South - West Face of Shisha Pangma has been the first big Himalayan wall climbed in alpine style more than 20 years ago by British climbers Doug Scott, Alex MacIntyre and Roger - Baxter Jones. I like Doug Scott, his climbing style, his books, his way of life, his sence for elegant climbing routes. We would simply like to repeat their climb. Climb the wall and return back safely and be happy for a short time before heading back for another one, exactly like them. The route has been climbed less than 10 times untill now and we do not expect to share this entire wall with anyone else - at least we are not aware someone else would be there, too. We are looking for adventure and whatever comes our way...
You can follow our story and keep your fingers crossed for us. The beginning is only a few days away.
- Martin Minarik (top of the page)
BASE CAMP UNDER SOUTH-WEST FACE OF SHISHA PANGMA;
We arrived to Kathmandu as planned late night on September 16, 04. The following day we spent retrieving our cargo - those who know this procedure know what I am talking about. It is truly procedure for the entire day with lots of hassle involved, bribes to those involved and uncounted fees.

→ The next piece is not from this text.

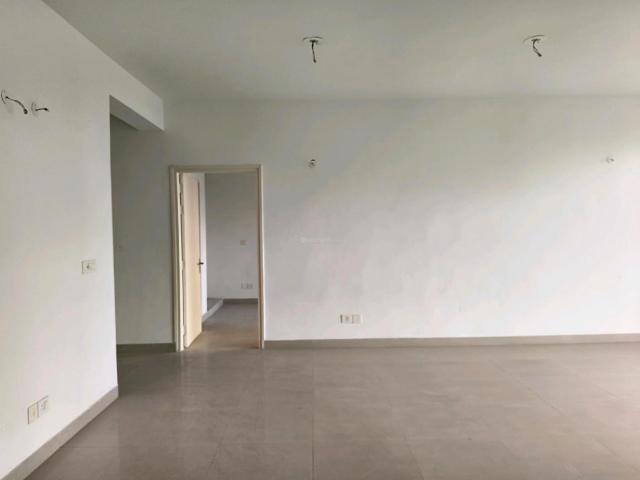 4 BHK Apartment in Sector 69 for rent Gurgaon. The reference number is 20439235
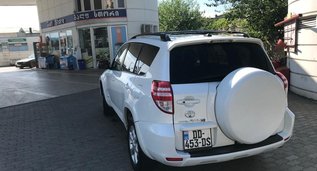 Toyota Rav4, Automatic for rent in  Kutaisi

We had to spent another day in Kathmandu because one of the bag did not come till later. That was not a problem. Kathmandu has a very special atmopshere. And we were not there for over 2 years!
Both evenings were spent traditionally at Thamel Base Camp - the bar Tom & Jerry. This is the place where the expeditions meet, drink beer, play pool, listen to sound track from Pulp Fiction and other classics and of course - talk climbing.
We left Kathmandu on Sunday early morning. Maoists lifted the road blockade and we saw no problems except occasional Nepali Army check point. People in Nepal still smile even in these tough times they are going through.
At the border we were met by fairly organized fellow from Lhasa who helped us to get through, tried to get us descent meal in Nyalam and helped with the yaks. He stayed in Nyalam, we were heading up the valley with about 20 yaks and our couple Nepali cooks.
For two days, we were walking on the carpet of edelweiss and other gorgeous flowers, but mostly in the rain and fog. Each day, we walked for approx. 5 hours, gaining quite a bit of altitude. Yesterday evening, we established Base Camp in anything between 5000 - 5200 m. Here in Tibet, no maps exist and therefore we depend on our altimeters.
The mountain is here, we saw HER this morning for the first time. There are also couple other small expeditions, one from Spain / Andorra and the other from France. And this is one of the nicest BC and we are glad we do not have to share it with too many others.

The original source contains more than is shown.